Member of the Palestinian Legislative Council
- In office 7 March 1996 – 24 November 2007

Member of the Executive Committee of the Palestine Liberation Organization
- In office ?–?

Personal details
- Born: 21 July 1936 Jerusalem, Palestine
- Died: 24 November 2007 (aged 71) Jerusalem
- Party: Fatah
- Profession: Politician, physician

= Imil Jarjoui =

Palestinian politician

Imil (Emile) Musa Basil Jarjoui MD (إميل موسى بسيل جرجوعي; 21 July 1936 – 24 November 2007) was a Palestinian politician and physician who was a member of the Palestinian Legislative Council and the Executive Committee of the Palestine Liberation Organization. Dr. Jarjoui also headed the Palestinian Ministerial Investigation Commission for the deal of Jaffa Gate and was a member of the Palestinian Legislative Council.

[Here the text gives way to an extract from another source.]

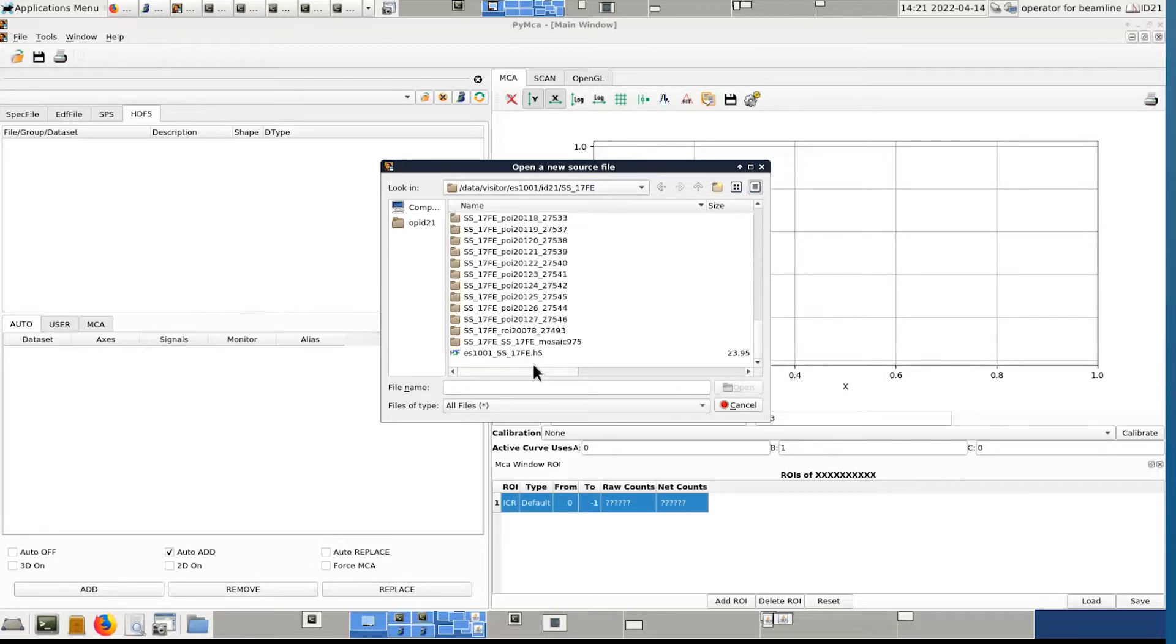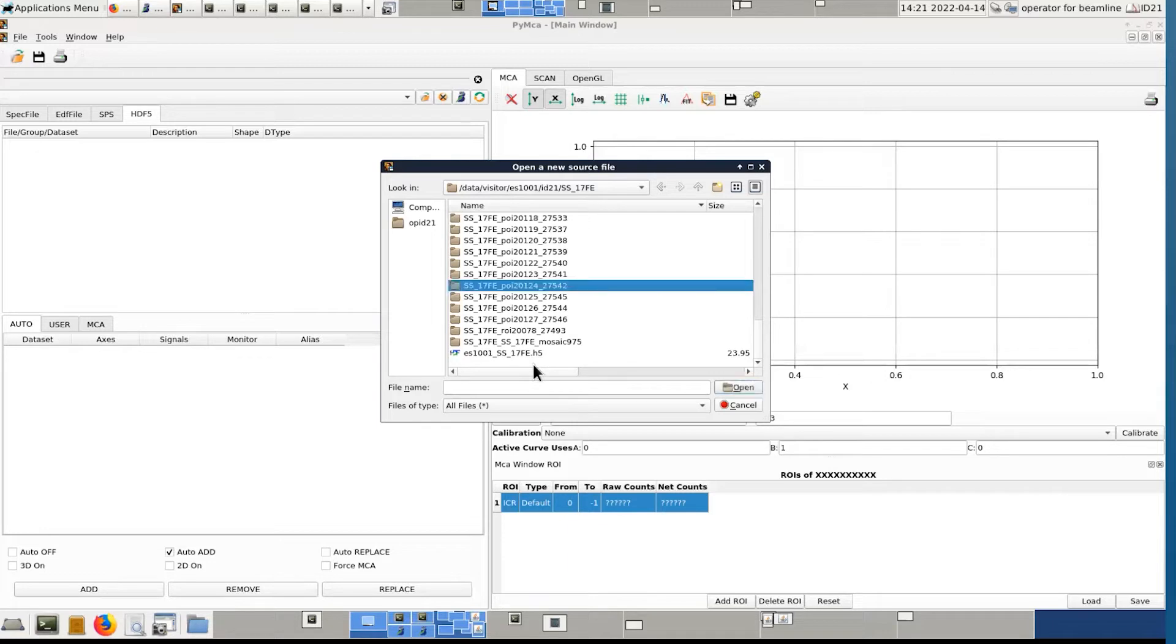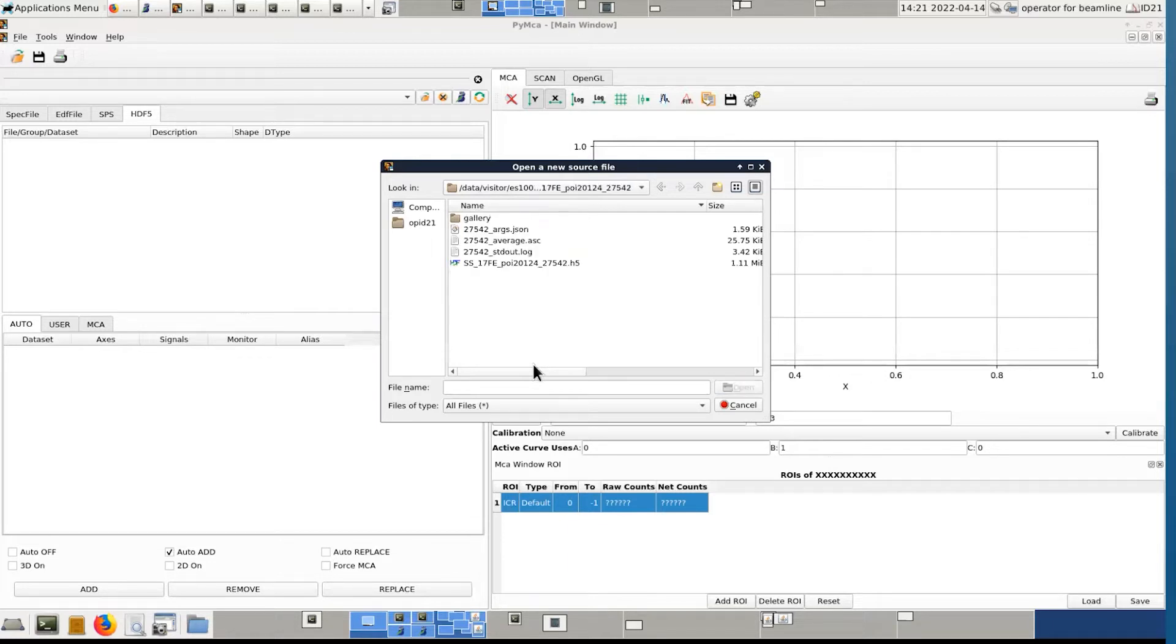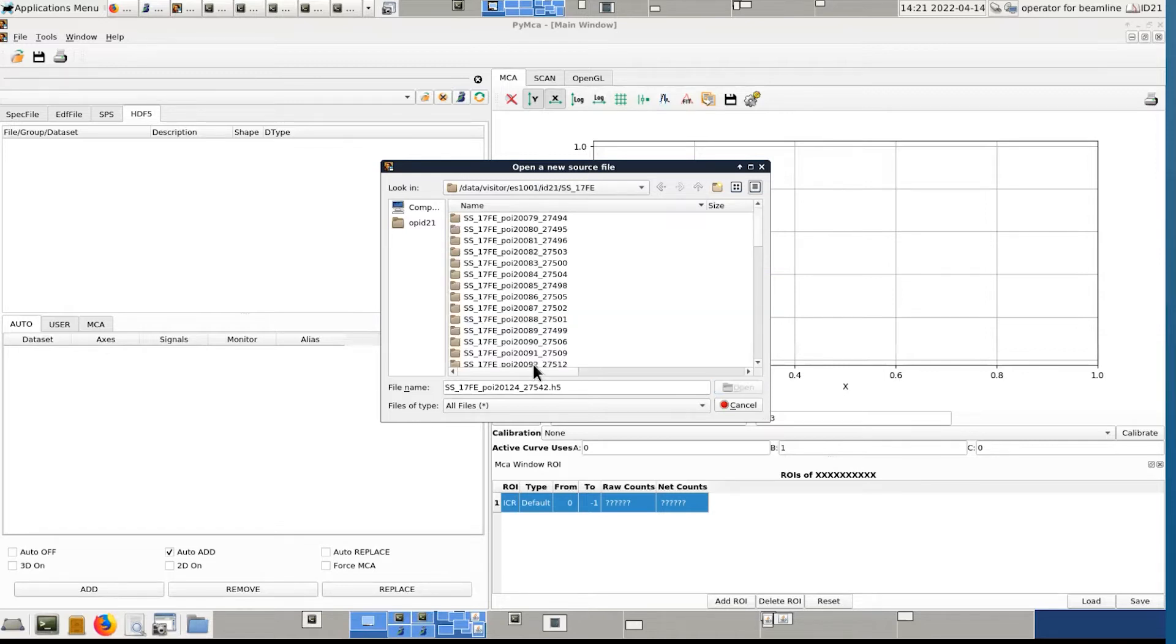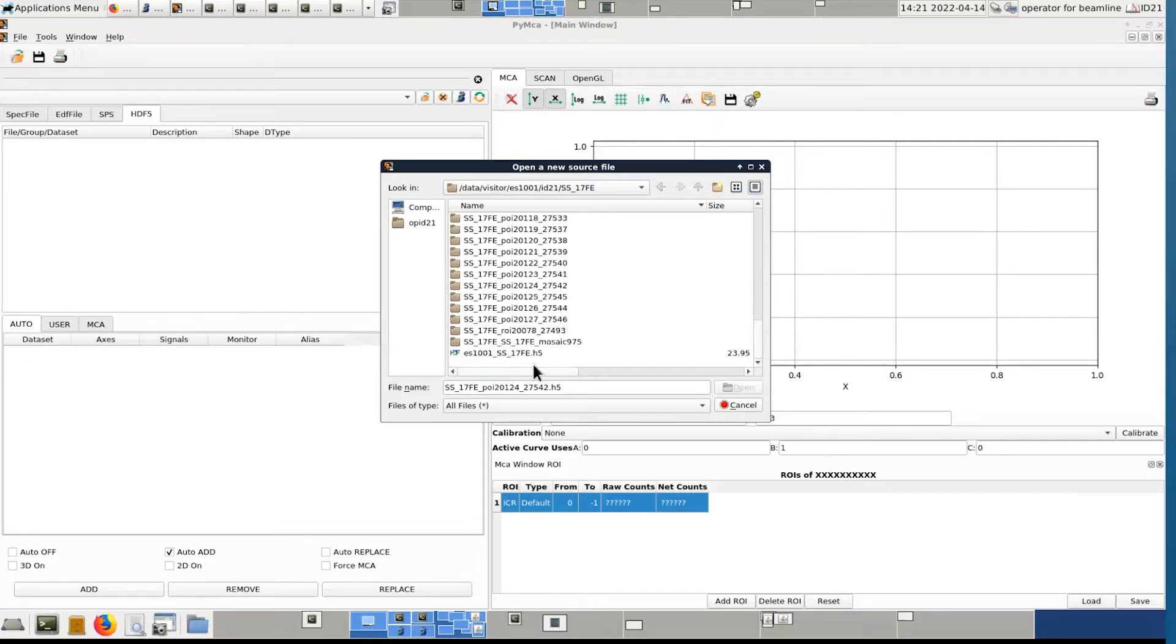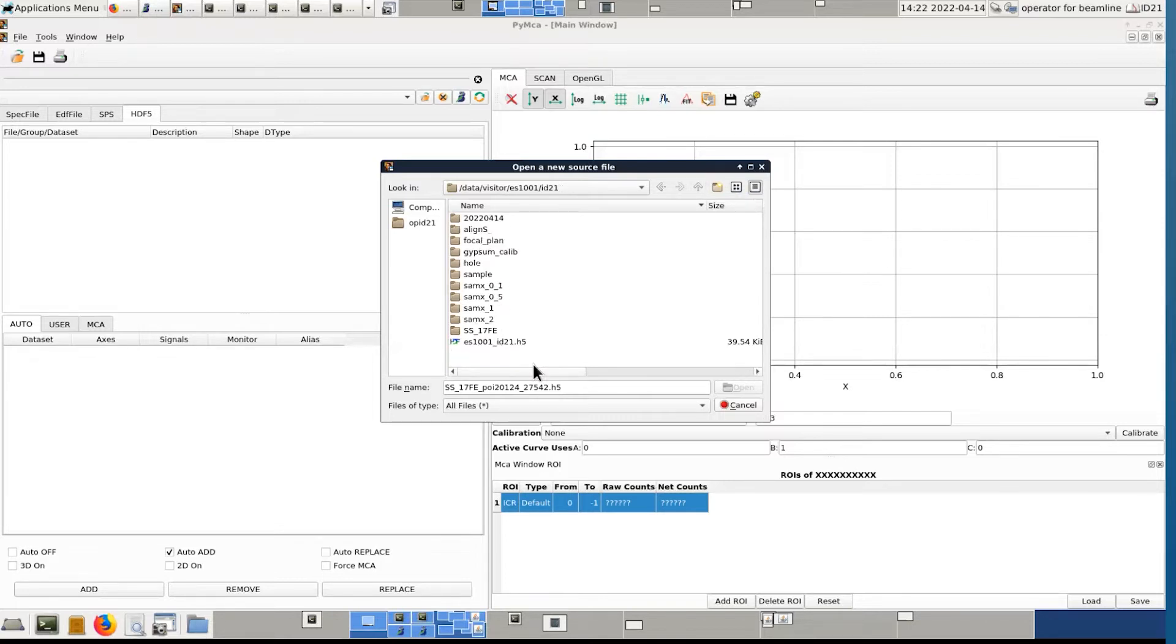What you see is that you have one folder per point of interest or region of interest. We could open one by one, but it would take ages. So instead of opening each individual file, because this is where the data is stored, we have master files, which are just creating links to all the files which exist. These files, they are H5 files.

Born to a Palestinian Christian family, he was elected to the former post in 2006 as a Fatah candidate for one of the seats reserved for Christians in Jerusalem. He dealt with Christian affairs for the Palestinian Authority while it was controlled by Fatah. He headed the committee which welcomed the Pope John Paul II in January 2000.

He also owned the Christmas Hotel in East Jerusalem.

Jarjoui died on 23 November 2007 in Jerusalem of a heart attack. He was 72.